Just before Christmas, Slate made an effort to compile all of New York Rep. George Santos’ known or alleged lies. This turns out to be an ongoing project!
Despite the continuously unspooling nature of his narrative, the Long Island congressman said again Wednesday that he does not plan to resign, and the national Republican Party would prefer, all else being equal, that he stay in his seat. The GOP only has a nine-member majority in the House, and if Santos were to resign, his spot would be filled by an open election. A Democrat would likely have a good chance to win such an election by making the argument that voters shouldn’t trust Long Island Republicans at the moment.
As this suggests, however, New York state Republicans do have an incentive to distance themselves from Santos going forward, which might be why several of them, such as the supervisor of the town of North Hempstead, held a press conference Wednesday calling on him to resign. At this event, the chair of the Nassau County GOP also claimed that Santos once told him that he’d been “a star on the Baruch [College] volleyball team and that they won the league championship.”
Is this true? Using logical reasoning, we can determine that it likely is not, because one of the things that was already known about Santos is that he didn’t attend Baruch College. (Baruch, despite being named after a figure who had Jewish ancestry, is a public school, though Santos did, separately, lie about having Jewish grandparents who fled the Holocaust; not only did his grandparents not flee the Holocaust, they do not appear to have been Jewish.

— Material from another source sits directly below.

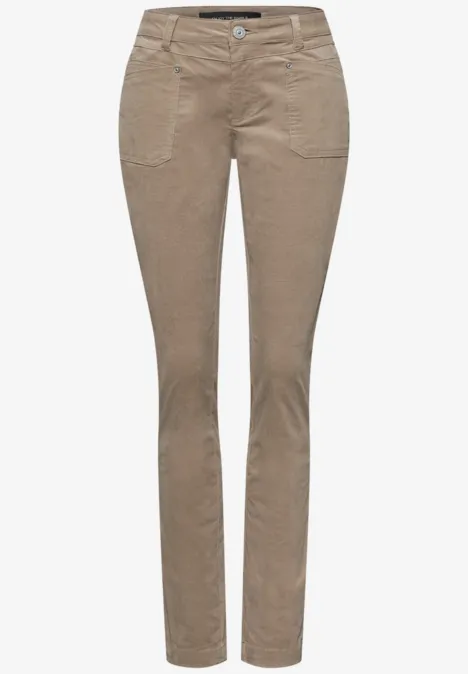 Pantalon en velours côtelé, coupe décontractée flowing beige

Baruch does have a men’s volleyball team, though.)
One does have to wonder why the chair of the Nassau County Republican Party didn’t look into Santos’ alleged volleyball history at the time that he first heard allegedly heard about it:
Perhaps the time to indignantly expose and/or chuckle about George Santos’ pathological lying, for the Long Island Republican Party, would have been before supporting his candidacy for Congress?